ACTIVITY -> Below are the records; retype each one exactly.
┄┄┄┄┄┄
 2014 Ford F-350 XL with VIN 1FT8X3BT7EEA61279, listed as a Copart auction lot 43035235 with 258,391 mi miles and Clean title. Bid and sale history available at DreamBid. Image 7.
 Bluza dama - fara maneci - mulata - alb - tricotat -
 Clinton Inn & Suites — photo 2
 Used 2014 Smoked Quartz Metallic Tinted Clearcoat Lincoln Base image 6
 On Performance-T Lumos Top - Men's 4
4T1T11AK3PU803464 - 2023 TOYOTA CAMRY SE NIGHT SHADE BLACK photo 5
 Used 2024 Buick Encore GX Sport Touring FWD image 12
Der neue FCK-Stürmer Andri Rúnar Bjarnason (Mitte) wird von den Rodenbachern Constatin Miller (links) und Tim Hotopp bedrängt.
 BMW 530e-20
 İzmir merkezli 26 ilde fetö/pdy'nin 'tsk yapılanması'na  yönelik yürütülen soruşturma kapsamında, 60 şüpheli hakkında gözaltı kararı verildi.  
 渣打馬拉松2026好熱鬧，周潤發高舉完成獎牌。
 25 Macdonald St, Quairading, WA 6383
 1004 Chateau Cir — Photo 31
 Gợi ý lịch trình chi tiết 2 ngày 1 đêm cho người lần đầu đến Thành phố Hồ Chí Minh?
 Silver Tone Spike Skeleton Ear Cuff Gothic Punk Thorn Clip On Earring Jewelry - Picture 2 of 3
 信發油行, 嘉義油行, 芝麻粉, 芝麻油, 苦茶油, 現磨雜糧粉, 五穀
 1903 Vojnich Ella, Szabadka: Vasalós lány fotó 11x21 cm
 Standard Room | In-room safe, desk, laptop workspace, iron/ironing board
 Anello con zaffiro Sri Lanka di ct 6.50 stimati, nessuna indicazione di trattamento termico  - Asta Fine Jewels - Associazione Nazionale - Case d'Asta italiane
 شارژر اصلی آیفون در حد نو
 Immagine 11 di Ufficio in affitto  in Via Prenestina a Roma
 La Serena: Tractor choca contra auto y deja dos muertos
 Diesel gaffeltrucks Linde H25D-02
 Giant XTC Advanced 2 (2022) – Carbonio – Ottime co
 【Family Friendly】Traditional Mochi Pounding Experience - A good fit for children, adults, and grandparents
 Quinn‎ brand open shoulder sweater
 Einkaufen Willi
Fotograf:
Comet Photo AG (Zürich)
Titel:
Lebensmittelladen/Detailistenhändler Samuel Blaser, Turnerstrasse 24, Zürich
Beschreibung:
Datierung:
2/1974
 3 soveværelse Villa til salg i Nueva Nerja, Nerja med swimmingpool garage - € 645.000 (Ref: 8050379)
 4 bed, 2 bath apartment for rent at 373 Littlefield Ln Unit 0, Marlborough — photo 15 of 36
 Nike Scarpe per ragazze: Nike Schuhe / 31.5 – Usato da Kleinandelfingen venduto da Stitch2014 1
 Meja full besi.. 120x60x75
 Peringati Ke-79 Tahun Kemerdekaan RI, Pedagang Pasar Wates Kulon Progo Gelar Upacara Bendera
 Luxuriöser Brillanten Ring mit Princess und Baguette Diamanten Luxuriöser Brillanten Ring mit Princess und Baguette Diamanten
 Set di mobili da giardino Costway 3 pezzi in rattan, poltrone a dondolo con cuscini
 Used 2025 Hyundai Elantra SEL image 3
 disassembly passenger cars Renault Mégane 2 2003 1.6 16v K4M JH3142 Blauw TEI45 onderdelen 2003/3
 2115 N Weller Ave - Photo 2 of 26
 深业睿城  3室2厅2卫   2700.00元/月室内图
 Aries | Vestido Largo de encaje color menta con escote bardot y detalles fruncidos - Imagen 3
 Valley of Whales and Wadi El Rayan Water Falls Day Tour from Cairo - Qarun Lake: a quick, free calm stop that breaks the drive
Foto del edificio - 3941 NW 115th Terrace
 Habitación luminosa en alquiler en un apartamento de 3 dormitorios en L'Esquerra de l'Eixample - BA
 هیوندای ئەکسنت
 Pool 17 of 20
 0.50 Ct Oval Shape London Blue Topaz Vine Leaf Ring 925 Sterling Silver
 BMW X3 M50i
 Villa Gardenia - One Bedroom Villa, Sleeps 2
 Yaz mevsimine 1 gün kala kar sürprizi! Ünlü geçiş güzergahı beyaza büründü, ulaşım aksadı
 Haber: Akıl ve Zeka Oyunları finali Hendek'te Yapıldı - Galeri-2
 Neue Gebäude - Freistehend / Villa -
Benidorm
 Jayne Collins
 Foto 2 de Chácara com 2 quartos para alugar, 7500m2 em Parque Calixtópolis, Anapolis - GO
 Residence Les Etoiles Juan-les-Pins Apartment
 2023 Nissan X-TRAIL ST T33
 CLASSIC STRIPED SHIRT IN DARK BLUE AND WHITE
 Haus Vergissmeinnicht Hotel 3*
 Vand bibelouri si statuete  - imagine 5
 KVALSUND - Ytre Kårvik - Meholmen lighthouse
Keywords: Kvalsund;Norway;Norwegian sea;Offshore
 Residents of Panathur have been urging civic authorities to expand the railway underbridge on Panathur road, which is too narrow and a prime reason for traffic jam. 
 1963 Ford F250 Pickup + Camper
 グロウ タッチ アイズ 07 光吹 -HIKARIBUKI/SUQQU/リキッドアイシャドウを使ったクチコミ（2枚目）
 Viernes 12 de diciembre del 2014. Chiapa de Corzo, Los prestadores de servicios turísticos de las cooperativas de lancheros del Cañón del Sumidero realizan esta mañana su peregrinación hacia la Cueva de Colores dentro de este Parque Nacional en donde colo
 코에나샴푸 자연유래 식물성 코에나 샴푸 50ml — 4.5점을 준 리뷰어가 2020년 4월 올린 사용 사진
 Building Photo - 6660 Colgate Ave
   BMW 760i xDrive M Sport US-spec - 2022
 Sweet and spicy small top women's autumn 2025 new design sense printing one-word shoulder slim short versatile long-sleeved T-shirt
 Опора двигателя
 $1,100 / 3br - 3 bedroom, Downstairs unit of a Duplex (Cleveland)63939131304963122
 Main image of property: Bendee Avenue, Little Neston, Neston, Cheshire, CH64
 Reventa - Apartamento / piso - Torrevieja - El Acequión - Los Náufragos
┄┄┄┄┄┄
EXERCISE SOLUTION ->
 2014 Ford F-350 XL with VIN 1FT8X3BT7EEA61279, listed as a Copart auction lot 43035235 with 258,391 mi miles and Clean title. Bid and sale history available at DreamBid. Image 7.
 Bluza dama - fara maneci - mulata - alb - tricotat -
 Clinton Inn & Suites — photo 2
 Used 2014 Smoked Quartz Metallic Tinted Clearcoat Lincoln Base image 6
 On Performance-T Lumos Top - Men's 4
4T1T11AK3PU803464 - 2023 TOYOTA CAMRY SE NIGHT SHADE BLACK photo 5
 Used 2024 Buick Encore GX Sport Touring FWD image 12
Der neue FCK-Stürmer Andri Rúnar Bjarnason (Mitte) wird von den Rodenbachern Constatin Miller (links) und Tim Hotopp bedrängt.
 BMW 530e-20
 İzmir merkezli 26 ilde fetö/pdy'nin 'tsk yapılanması'na  yönelik yürütülen soruşturma kapsamında, 60 şüpheli hakkında gözaltı kararı verildi.  
 渣打馬拉松2026好熱鬧，周潤發高舉完成獎牌。
 25 Macdonald St, Quairading, WA 6383
 1004 Chateau Cir — Photo 31
 Gợi ý lịch trình chi tiết 2 ngày 1 đêm cho người lần đầu đến Thành phố Hồ Chí Minh?
 Silver Tone Spike Skeleton Ear Cuff Gothic Punk Thorn Clip On Earring Jewelry - Picture 2 of 3
 信發油行, 嘉義油行, 芝麻粉, 芝麻油, 苦茶油, 現磨雜糧粉, 五穀
 1903 Vojnich Ella, Szabadka: Vasalós lány fotó 11x21 cm
 Standard Room | In-room safe, desk, laptop workspace, iron/ironing board
 Anello con zaffiro Sri Lanka di ct 6.50 stimati, nessuna indicazione di trattamento termico  - Asta Fine Jewels - Associazione Nazionale - Case d'Asta italiane
 شارژر اصلی آیفون در حد نو
 Immagine 11 di Ufficio in affitto  in Via Prenestina a Roma
 La Serena: Tractor choca contra auto y deja dos muertos
 Diesel gaffeltrucks Linde H25D-02
 Giant XTC Advanced 2 (2022) – Carbonio – Ottime co
 【Family Friendly】Traditional Mochi Pounding Experience - A good fit for children, adults, and grandparents
 Quinn‎ brand open shoulder sweater
 Einkaufen Willi
Fotograf:
Comet Photo AG (Zürich)
Titel:
Lebensmittelladen/Detailistenhändler Samuel Blaser, Turnerstrasse 24, Zürich
Beschreibung:
Datierung:
2/1974
 3 soveværelse Villa til salg i Nueva Nerja, Nerja med swimmingpool garage - € 645.000 (Ref: 8050379)
 4 bed, 2 bath apartment for rent at 373 Littlefield Ln Unit 0, Marlborough — photo 15 of 36
 Nike Scarpe per ragazze: Nike Schuhe / 31.5 – Usato da Kleinandelfingen venduto da Stitch2014 1
 Meja full besi.. 120x60x75
 Peringati Ke-79 Tahun Kemerdekaan RI, Pedagang Pasar Wates Kulon Progo Gelar Upacara Bendera
 Luxuriöser Brillanten Ring mit Princess und Baguette Diamanten Luxuriöser Brillanten Ring mit Princess und Baguette Diamanten
 Set di mobili da giardino Costway 3 pezzi in rattan, poltrone a dondolo con cuscini
 Used 2025 Hyundai Elantra SEL image 3
 disassembly passenger cars Renault Mégane 2 2003 1.6 16v K4M JH3142 Blauw TEI45 onderdelen 2003/3
 2115 N Weller Ave - Photo 2 of 26
 深业睿城  3室2厅2卫   2700.00元/月室内图
 Aries | Vestido Largo de encaje color menta con escote bardot y detalles fruncidos - Imagen 3
 Valley of Whales and Wadi El Rayan Water Falls Day Tour from Cairo - Qarun Lake: a quick, free calm stop that breaks the drive
Foto del edificio - 3941 NW 115th Terrace
 Habitación luminosa en alquiler en un apartamento de 3 dormitorios en L'Esquerra de l'Eixample - BA
 هیوندای ئەکسنت
 Pool 17 of 20
 0.50 Ct Oval Shape London Blue Topaz Vine Leaf Ring 925 Sterling Silver
 BMW X3 M50i
 Villa Gardenia - One Bedroom Villa, Sleeps 2
 Yaz mevsimine 1 gün kala kar sürprizi! Ünlü geçiş güzergahı beyaza büründü, ulaşım aksadı
 Haber: Akıl ve Zeka Oyunları finali Hendek'te Yapıldı - Galeri-2
 Neue Gebäude - Freistehend / Villa -
Benidorm
 Jayne Collins
 Foto 2 de Chácara com 2 quartos para alugar, 7500m2 em Parque Calixtópolis, Anapolis - GO
 Residence Les Etoiles Juan-les-Pins Apartment
 2023 Nissan X-TRAIL ST T33
 CLASSIC STRIPED SHIRT IN DARK BLUE AND WHITE
 Haus Vergissmeinnicht Hotel 3*
 Vand bibelouri si statuete  - imagine 5
 KVALSUND - Ytre Kårvik - Meholmen lighthouse
Keywords: Kvalsund;Norway;Norwegian sea;Offshore
 Residents of Panathur have been urging civic authorities to expand the railway underbridge on Panathur road, which is too narrow and a prime reason for traffic jam. 
 1963 Ford F250 Pickup + Camper
 グロウ タッチ アイズ 07 光吹 -HIKARIBUKI/SUQQU/リキッドアイシャドウを使ったクチコミ（2枚目）
 Viernes 12 de diciembre del 2014. Chiapa de Corzo, Los prestadores de servicios turísticos de las cooperativas de lancheros del Cañón del Sumidero realizan esta mañana su peregrinación hacia la Cueva de Colores dentro de este Parque Nacional en donde colo
 코에나샴푸 자연유래 식물성 코에나 샴푸 50ml — 4.5점을 준 리뷰어가 2020년 4월 올린 사용 사진
 Building Photo - 6660 Colgate Ave
   BMW 760i xDrive M Sport US-spec - 2022
 Sweet and spicy small top women's autumn 2025 new design sense printing one-word shoulder slim short versatile long-sleeved T-shirt
 Опора двигателя
 $1,100 / 3br - 3 bedroom, Downstairs unit of a Duplex (Cleveland)63939131304963122
 Main image of property: Bendee Avenue, Little Neston, Neston, Cheshire, CH64
 Reventa - Apartamento / piso - Torrevieja - El Acequión - Los Náufragos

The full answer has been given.